A Pro-Growth Stance Makes Sense, but Requires Patience
Investors have grown more risk-averse in recent weeks with slowing growth in China, oil price volatility, weakness in manufacturing and Fed policy topping the list of concerns. Economic data has generally been stronger than reflected by financial market movements, and investors seem to be ignoring positive economic news and overly focusing on the negatives. At this juncture, we think investors have three options: (1) retreat and unload risk assets in anticipation of a recession, (2) pause, become slightly more conservative and await more clarity, or (3) maintain a pro-growth stance and accept that more near-term turbulence may occur before risk assets experience a sustained upturn. We think the first strategy is overly pessimistic and believe economic fundamentals are better than what is priced into the market. The second option may be reasonable for investors who are having difficulty weathering the current volatility. But for investors with long-term time horizons, we think option three is most prudent.

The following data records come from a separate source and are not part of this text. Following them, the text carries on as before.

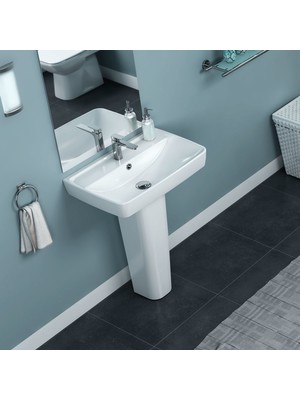 Turkuaz Cerastyle Duru Lavabo 50 x 40 cm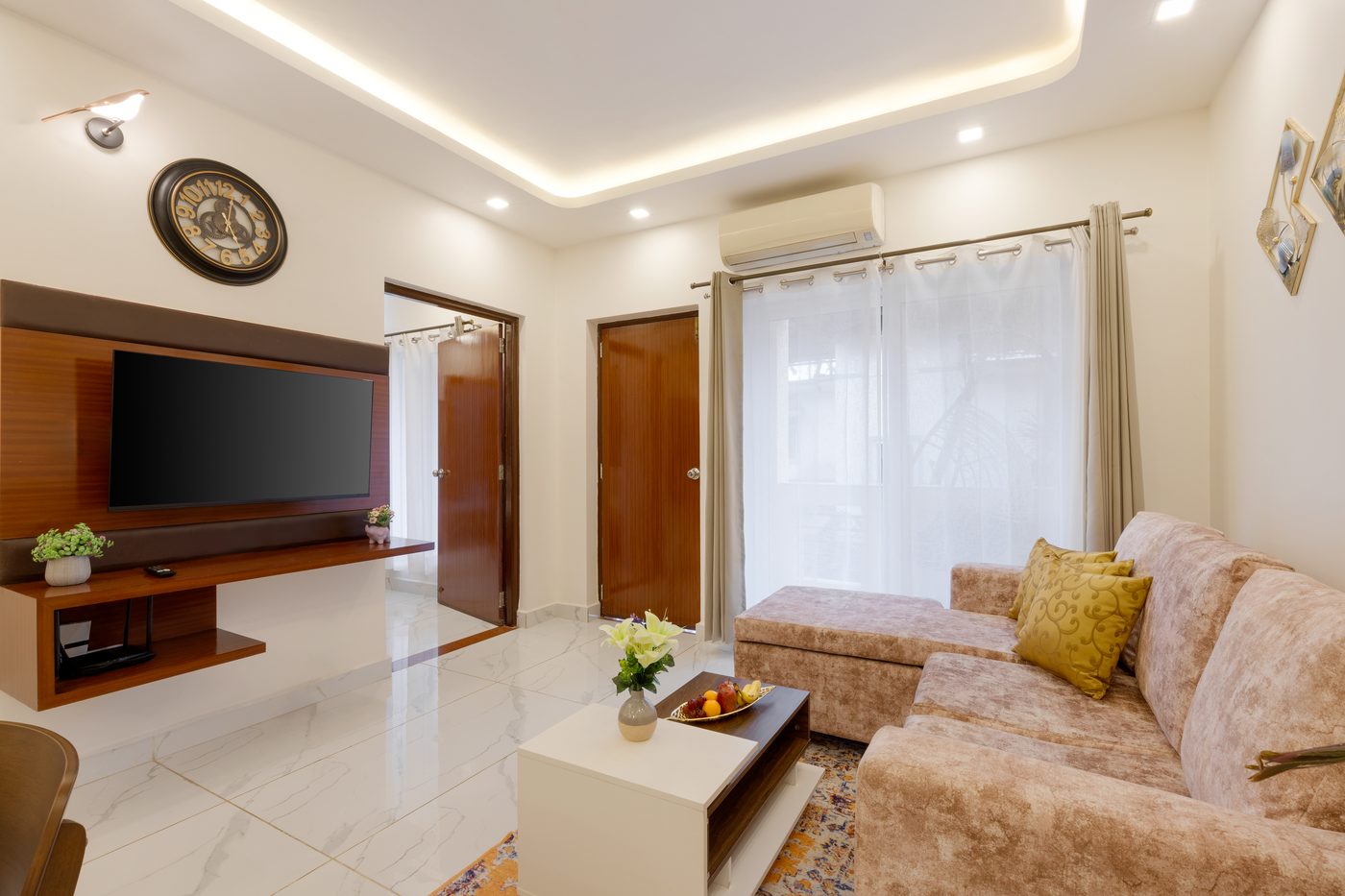 The Peaceside living room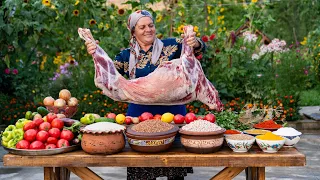 Whole Goat Pilaf Recipe Step By Step Cooking Tutorial 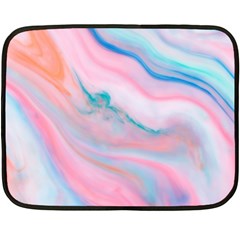 Colorful Marble Abstract Background Texture  Fleece Blanket (mini) by Dushan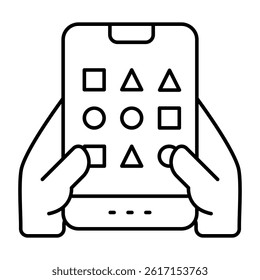 Maths shapes vector, geometric shapes icon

It may take some time, but we expect that oil prices should stabilize and cease being the main determinant of global financial market prices. The long-term drop in oil should produce some economic stimulus and become more of a positive. Additionally, global monetary policy remains a tailwind for risk assets. The Fed is likely to raise rates, but any increase should be measured and slow. And last week’s news from Japan reiterates that policy around the world remains in easing mode. Investors are also awaiting signs of a global manufacturing recovery, which would promote greater confidence in the strength of the world economy.

Our view is that financial markets have overreacted to the negatives. Turbulence is likely to continue, but we expect both equity prices and bond yields to rise over the course of 2016.

1 Source: Morningstar Direct, as of 1/29/16

2 Source: Commerce Department

3 Source: FactSet

4 Source: Conference Board

The S&P 500 Index is a capitalization-weighted index of 500 stocks designed to measure the performance of the broad domestic economy. The Dow Jones Industrial Average is a price-weighted average of 30 significant stocks traded on the New York Stock Exchange and the Nasdaq. The Nasdaq Composite is a stock market index of the common stocks and similar securities listed on the NASDAQ stock market. FTSE 100 Index is a capitalization-weighted index of the 100 most highly capitalized companies traded on the London Stock Exchange. Deutsche Borse AG German Stock Index (DAX Index) is a total return index of 30 selected German blue chip stocks traded on the Frankfurt Stock Exchange. Nikkei 225 Index is a price-weighted average of 225 top-rated Japanese companies listed in the First Section of the Tokyo Stock Exchange. Hong Kong Hang Seng Index is a free-float capitalization-weighted index of selection of companies from the Stock Exchange of Hong Kong. Shanghai Stock Exchange Composite is a capitalization-weighted index that tracks the daily price performance of all A-shares and B-shares listed on the Shanghai Stock Exchange. MSCI EAFE Index is a free float-adjusted market capitalization weighted index designed to measure developed market equity performance, excluding the U.S. and Canada. The MSCI Emerging Markets Index is a free float-adjusted market capitalization index that is designed to measure equity market performance of emerging markets. Barclays U.S. Aggregate Bond Index covers the U.S. investment grade fixed rate bond market. The BofA Merrill Lynch 3-Month U.S. Treasury Bill Index is an unmanaged market index of U.S. Treasury securities maturing in 90 days that assumes reinvestment of all income.